To deal with the motion, the bumpy ride, you’re supposed to imagine a rollercoaster ride. At the amusement park, you pay good money for the thrill of acceleration. Why not enjoy the fun, courtesy of Delta?
Has anyone ever accepted this? If it were that fun, the airline industry would charge a fee, changing course hundreds of miles to provide passengers the supposed universal thrill of jouncing through inclement weather.
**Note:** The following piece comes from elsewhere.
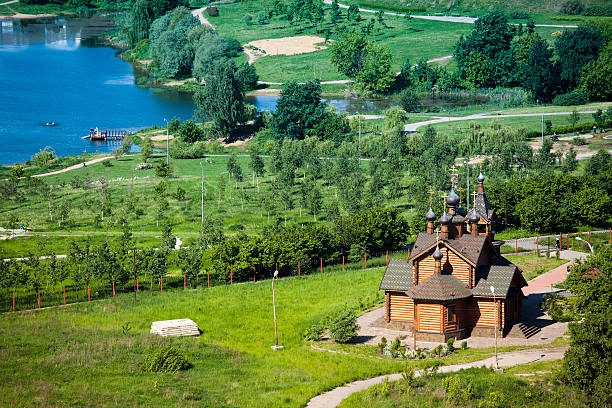 istock Wooden church near river 173934607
No one enjoys turbulence. Some are better at psychologically dealing. Out of the corner of my eye, I take comfort in the experienced, calm travelers placidly turning a page or sipping a cocktail, and I mimic best I can. I keep my head down although I’m reading the same sentence over again. I reflect on all the flights I’ve heard or read about that have met their demise due to turbulence on approach: zero. I think about the physics, the normal force, how it changes, unexpectedly, unpredictably; a dance whose secret steps exist between aluminum tube and gusting wind, engine thrust and pressure gradient. The normal force is just the seat pushing upward on your bottom. We’re made aware of only when it changes. When the normal force increases, we feel heavy; it drops away, we feel light.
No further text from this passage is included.